La rencontre au bord du feu n'est pas un tribunal. C'est une invitation au recommencement, lancée par Celui qui a lui-même préparé le repas pour celui qui L'a trahi.
📖 Pour approfondir : voir le chapitre M'aimes-tu ?, section sur la scène du petit-déjeuner au bord du lac et la signification de la question de Jésus à Pierre.
3. Le piège de l'ego spirituel : servir Dieu pour être reconnu
L'un des angles morts les plus courants dans la vie spirituelle est de confondre l'amour de Dieu avec le désir d'être approuvé par les autres. On peut prier, servir, s'investir dans une communauté — et découvrir, au détour d'une prière honnête, que l'on se préoccupe davantage de sa propre valeur et de sa reconnaissance que du règne de Dieu.
Ce n'est pas une défaillance réservée aux débutants dans la foi. Cela peut toucher des personnes engagées depuis des décennies. Le signe révélateur ? La grammaire de nos prières : qui occupe le centre de nos phrases ? Qui est le sujet réel de nos préoccupations ?
Lorsque la question « Est-ce que je vais bien ? » prend le dessus sur la question « Que puis-je donner ? », c'est le signe que nous nous sommes éloignés de l'amour pour entrer dans la gestion de l'image. C'est précisément là que la question de Jésus — « M'aimes-tu ? » — peut tout faire basculer.
« Tu aimeras le Seigneur ton Dieu de tout ton cœur, de toute ton âme et de toute ta pensée. » — Matthieu 22.37
📖 Pour approfondir : voir le chapitre M'aimes-tu ?, section sur la prise de conscience lors d'un temps de prière et les pronoms révélateurs.
4. Le Mulligan spirituel : recommencer sans mériter une deuxième chance
La restauration que Dieu offre ne ressemble pas à une promotion accordée à quelqu'un qui a redressé la barre. Elle ressemble davantage à un « Mulligan » — ce terme de golf qui désigne le droit de rejouer un coup raté, sans pénalité, sans justification, simplement parce que quelqu'un de bienveillant vous le propose.
Après Sa question sur l'amour, Jésus dit à Pierre : « Suis-moi. » Pas : « Prouve-moi que tu en es capable. » Pas : « Voici les conditions. » Juste : « Suis-moi. » C'est une invitation à reprendre sa place dans le jeu — non pas parce qu'on le mérite, mais parce que la grâce ne fonctionne pas selon la logique du mérite.
« Jésus lui dit : Suis-moi. » — Jean 21.19
Cette dynamique appelle aussi à l'honnêteté communautaire. La confession — non pas comme rituel culpabilisant, mais comme acte de transparence partagée — est l'un des outils que les premières communautés chrétiennes utilisaient pour rester ancrées dans la réalité.
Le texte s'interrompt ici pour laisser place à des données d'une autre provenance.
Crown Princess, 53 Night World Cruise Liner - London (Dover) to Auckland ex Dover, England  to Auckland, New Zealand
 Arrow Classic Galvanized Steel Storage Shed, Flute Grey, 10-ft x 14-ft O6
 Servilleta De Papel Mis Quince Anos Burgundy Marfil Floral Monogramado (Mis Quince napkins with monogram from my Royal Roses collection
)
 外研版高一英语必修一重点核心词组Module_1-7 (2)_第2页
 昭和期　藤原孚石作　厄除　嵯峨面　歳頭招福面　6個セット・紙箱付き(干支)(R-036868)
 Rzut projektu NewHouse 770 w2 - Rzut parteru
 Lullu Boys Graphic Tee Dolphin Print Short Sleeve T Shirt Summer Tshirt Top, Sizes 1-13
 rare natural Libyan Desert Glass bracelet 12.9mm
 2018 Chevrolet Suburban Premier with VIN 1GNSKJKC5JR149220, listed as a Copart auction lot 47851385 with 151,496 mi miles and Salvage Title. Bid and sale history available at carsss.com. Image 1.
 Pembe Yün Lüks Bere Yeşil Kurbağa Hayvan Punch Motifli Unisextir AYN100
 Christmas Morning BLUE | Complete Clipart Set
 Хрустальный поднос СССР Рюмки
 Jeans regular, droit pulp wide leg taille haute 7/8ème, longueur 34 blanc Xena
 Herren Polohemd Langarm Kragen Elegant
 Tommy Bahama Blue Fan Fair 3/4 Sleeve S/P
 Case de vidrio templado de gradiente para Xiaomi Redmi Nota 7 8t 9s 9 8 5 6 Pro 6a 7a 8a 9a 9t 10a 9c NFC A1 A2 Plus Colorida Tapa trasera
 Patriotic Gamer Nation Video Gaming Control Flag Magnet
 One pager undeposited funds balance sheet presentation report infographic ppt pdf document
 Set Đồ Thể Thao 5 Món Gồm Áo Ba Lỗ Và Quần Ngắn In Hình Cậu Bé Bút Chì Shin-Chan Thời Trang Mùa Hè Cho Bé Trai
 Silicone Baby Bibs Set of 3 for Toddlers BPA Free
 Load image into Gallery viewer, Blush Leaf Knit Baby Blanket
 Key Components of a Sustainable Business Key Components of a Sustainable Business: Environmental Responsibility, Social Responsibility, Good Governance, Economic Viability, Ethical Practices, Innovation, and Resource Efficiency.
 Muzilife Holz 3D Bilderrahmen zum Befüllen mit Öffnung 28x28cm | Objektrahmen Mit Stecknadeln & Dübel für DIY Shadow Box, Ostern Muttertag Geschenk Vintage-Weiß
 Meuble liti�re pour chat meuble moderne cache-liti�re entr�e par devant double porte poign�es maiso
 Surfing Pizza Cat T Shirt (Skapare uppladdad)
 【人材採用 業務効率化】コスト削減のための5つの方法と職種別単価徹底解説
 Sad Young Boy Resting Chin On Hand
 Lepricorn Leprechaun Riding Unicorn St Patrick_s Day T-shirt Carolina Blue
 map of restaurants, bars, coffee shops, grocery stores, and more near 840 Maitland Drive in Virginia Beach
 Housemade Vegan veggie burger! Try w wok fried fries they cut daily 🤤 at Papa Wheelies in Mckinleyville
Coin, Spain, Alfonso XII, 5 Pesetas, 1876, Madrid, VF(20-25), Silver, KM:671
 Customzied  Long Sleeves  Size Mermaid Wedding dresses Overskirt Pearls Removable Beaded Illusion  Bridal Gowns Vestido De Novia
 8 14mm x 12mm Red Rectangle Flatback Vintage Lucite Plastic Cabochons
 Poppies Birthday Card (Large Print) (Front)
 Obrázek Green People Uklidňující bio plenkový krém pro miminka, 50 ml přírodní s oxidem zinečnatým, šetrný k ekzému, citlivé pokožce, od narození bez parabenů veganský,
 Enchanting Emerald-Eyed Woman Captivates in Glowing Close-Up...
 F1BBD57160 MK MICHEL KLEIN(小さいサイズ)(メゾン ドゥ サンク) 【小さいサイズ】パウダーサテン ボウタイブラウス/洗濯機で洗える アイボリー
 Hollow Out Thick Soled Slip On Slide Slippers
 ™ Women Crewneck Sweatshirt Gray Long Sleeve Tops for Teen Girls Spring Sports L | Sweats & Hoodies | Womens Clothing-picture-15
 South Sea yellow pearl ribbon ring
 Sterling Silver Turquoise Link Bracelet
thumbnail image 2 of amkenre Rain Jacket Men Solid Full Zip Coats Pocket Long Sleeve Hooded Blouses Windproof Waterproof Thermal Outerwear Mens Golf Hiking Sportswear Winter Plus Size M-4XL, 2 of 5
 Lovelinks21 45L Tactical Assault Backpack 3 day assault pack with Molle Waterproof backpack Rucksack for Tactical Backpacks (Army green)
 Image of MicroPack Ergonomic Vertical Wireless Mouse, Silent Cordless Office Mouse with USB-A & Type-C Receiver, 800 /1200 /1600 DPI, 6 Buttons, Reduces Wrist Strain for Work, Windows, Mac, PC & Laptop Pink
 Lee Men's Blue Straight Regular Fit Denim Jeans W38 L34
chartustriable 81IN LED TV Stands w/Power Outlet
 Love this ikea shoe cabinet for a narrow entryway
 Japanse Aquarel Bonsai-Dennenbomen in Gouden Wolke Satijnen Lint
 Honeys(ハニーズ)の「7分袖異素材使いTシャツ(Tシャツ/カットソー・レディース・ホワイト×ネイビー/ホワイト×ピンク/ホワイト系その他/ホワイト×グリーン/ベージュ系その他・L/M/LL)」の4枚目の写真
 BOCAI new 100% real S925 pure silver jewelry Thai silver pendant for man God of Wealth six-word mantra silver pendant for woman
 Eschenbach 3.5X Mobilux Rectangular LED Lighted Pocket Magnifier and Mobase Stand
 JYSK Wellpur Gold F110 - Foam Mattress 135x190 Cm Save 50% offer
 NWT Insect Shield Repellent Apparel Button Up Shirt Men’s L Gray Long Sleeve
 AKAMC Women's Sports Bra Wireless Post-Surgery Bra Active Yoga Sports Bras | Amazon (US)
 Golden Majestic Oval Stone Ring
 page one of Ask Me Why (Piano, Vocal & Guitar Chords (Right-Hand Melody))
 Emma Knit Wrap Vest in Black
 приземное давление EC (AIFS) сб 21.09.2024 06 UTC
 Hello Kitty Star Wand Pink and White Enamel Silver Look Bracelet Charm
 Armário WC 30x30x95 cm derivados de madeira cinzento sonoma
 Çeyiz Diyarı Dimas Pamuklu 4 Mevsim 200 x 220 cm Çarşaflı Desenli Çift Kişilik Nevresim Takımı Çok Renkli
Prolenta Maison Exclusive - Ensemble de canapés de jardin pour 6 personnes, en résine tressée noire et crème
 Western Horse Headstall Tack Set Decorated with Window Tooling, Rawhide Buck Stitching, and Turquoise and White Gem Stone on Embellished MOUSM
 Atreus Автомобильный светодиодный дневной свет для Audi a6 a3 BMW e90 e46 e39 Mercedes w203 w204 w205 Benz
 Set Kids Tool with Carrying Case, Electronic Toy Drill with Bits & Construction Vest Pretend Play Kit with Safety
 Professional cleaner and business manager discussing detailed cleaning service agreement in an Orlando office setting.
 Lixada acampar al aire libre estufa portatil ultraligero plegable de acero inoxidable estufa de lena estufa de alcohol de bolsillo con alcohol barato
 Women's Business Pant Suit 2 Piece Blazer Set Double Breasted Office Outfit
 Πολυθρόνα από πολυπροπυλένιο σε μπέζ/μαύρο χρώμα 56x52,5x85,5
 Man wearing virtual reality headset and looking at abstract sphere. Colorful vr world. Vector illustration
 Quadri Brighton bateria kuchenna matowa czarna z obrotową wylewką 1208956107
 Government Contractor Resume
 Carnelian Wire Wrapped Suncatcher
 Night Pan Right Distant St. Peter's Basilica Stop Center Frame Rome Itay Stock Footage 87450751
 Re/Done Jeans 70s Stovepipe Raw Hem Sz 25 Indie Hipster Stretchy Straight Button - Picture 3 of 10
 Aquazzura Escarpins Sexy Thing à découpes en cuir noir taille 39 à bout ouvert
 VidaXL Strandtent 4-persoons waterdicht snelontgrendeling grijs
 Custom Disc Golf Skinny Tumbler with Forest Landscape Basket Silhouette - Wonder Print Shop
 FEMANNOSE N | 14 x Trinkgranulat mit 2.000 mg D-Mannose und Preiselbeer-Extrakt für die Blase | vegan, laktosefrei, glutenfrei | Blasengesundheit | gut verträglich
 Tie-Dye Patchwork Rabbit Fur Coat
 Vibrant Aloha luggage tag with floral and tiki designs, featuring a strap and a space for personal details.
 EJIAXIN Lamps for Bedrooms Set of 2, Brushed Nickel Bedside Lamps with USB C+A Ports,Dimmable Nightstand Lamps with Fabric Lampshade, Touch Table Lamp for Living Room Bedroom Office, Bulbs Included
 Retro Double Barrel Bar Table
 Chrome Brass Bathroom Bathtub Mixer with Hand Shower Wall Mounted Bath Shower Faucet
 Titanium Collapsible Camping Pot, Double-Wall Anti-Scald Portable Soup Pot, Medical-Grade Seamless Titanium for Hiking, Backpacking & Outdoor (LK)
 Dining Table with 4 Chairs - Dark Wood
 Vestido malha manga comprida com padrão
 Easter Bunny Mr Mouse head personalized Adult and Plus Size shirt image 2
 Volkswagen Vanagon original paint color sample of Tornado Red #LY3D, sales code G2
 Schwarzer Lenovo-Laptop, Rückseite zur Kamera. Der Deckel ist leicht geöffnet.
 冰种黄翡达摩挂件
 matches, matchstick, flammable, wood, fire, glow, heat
Lorsque la foi devient une affaire strictement privée, nous perdons le regard de l'autre qui nous aide à voir ce que nous refusons de regarder seuls.
« Confessez donc vos péchés les uns aux autres, et priez les uns pour les autres, afin que vous soyez guéris. » — Jacques 5.16
📖 Pour approfondir : voir le chapitre M'aimes-tu ?, section sur le Mulligan et la scène finale entre Jésus et Pierre (Jean 21.19).
Question de réflexion finale
Prenez un moment de silence et posez-vous honnêtement cette question :
Si Jésus vous posait aujourd'hui la question « M'aimes-tu ? », quelle serait votre première réaction intérieure — et qu'est-ce que cette réaction révèle sur la manière dont vous vivez actuellement votre relation avec Lui ?
Vous pouvez écrire votre réponse dans le journal de bord prévu dans ce module, ou la partager dans le forum de discussion du cours si vous vous sentez prêt(e) à le faire.